# Work instructions:
Go line by line through the entries below and copy those containing the string "Light".

**** Records to use

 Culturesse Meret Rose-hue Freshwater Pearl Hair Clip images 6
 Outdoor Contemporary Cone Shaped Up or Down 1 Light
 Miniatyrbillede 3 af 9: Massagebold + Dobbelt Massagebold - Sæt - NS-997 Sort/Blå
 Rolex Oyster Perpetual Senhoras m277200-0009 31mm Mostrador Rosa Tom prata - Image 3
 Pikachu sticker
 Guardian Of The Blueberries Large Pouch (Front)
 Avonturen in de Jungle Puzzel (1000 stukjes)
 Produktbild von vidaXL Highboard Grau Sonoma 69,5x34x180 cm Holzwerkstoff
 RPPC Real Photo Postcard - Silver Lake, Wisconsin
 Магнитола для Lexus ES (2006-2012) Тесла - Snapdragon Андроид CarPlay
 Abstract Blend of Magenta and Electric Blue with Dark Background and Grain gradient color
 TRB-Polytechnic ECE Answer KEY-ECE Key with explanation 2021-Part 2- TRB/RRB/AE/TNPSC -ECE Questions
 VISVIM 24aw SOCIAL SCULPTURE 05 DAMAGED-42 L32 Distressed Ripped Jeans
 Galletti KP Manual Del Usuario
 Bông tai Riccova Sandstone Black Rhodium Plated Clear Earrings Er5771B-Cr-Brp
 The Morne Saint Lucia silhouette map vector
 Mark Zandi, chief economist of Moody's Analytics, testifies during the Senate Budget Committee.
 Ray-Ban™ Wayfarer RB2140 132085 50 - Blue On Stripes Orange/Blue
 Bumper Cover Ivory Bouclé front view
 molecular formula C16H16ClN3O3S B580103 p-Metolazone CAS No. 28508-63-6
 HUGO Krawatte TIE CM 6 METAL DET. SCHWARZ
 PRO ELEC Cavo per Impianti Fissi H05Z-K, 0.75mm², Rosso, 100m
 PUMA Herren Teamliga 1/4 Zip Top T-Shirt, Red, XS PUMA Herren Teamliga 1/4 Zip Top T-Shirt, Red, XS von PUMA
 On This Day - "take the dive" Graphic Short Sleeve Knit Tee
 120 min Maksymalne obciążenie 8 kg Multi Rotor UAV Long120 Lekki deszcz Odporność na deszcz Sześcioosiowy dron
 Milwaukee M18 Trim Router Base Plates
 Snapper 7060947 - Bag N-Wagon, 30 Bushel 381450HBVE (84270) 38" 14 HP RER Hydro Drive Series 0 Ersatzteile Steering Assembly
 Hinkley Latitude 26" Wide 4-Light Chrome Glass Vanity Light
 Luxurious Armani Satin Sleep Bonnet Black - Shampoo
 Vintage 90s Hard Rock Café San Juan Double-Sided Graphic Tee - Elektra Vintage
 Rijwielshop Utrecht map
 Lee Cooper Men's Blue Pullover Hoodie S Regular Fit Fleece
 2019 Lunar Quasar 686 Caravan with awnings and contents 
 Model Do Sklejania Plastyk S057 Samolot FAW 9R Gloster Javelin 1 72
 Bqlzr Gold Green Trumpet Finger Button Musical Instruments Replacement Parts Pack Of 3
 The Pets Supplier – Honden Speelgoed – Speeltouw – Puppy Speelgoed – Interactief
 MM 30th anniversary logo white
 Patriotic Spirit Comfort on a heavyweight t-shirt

********

# Task solution:
 Outdoor Contemporary Cone Shaped Up or Down 1 Light
 Hinkley Latitude 26" Wide 4-Light Chrome Glass Vanity Light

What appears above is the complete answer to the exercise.